Rendre visibles les perspectives historiques
23 November 2015 - 10:49am
Le mois dernier, à l’invitation de David Scott de l’Université de Calgary, j’ai eu la chance de donner une présentation via Skype à de futurs enseignants de social studies au secondaire. J’ai rencontré David en 2013 à l’Université Laval alors qu’il effectuait un voyage d’études financé par THEN/HiER (programme Doctorant invité). Je l’ai revu ce printemps, alors que j’étais Doctorant invité à l’Université d’Alberta.

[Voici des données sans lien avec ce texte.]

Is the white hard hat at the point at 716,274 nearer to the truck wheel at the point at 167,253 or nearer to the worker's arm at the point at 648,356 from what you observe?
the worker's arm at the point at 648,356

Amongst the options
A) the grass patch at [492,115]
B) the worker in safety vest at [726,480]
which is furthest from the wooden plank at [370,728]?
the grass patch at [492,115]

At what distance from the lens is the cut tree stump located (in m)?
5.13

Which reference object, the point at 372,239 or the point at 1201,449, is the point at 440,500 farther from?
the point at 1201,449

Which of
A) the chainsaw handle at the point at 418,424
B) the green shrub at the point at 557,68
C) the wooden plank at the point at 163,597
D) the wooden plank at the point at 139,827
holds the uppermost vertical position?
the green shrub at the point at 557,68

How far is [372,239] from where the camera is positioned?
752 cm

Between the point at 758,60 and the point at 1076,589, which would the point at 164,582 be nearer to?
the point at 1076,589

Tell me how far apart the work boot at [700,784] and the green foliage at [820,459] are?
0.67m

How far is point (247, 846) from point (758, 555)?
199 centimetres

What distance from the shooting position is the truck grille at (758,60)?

Depuis qu’on se connait, Dave et moi avons beaucoup discuté du concept de perspective historique, cette façon de concevoir le passé à partir de nos valeurs et de nos appartenances sociales. Le curriculum scolaire en Alberta requiert que les enseignants de social studies ainsi que leurs élèves se sensibilisent aux perspectives historiques que possèdent les francophones et les Amérindiens au sujet de l’histoire du Canada. Or, Dave l’a bien montré dans son mémoire de maîtrise, les enseignants peinent à appliquer cette directive ministérielle en classe. Ils disent manquer d’exemples concrets pour illustrer ce qu’est une perspective historique. Avec ce souci en tête, Dave et moi avons planifié une activité pédagogique afin de rendre visible le concept de perspective historique et, ce faisant, équiper de futurs enseignants de social studies à faire face aux demandes curriculaires en Alberta. Voici un compte rendu de cette activité.
En premier lieu, les futurs enseignants devaient résumer l’histoire du Canada en quelques phrases sur une feuille de papier. Les étudiants ont ensuite échangé leur feuille de réponse. Dès lors, plusieurs perspectives vis-à-vis l’histoire canadienne étaient sur la table. Les élèves ont pu constater que les valeurs et les appartenances de chacun modelaient leur vision respective du passé. Pour ce faire, Dave et moi avons dirigé une discussion de groupe au sujet des réponses obtenues (ex. pourquoi avoir écrit cela et non autre chose?).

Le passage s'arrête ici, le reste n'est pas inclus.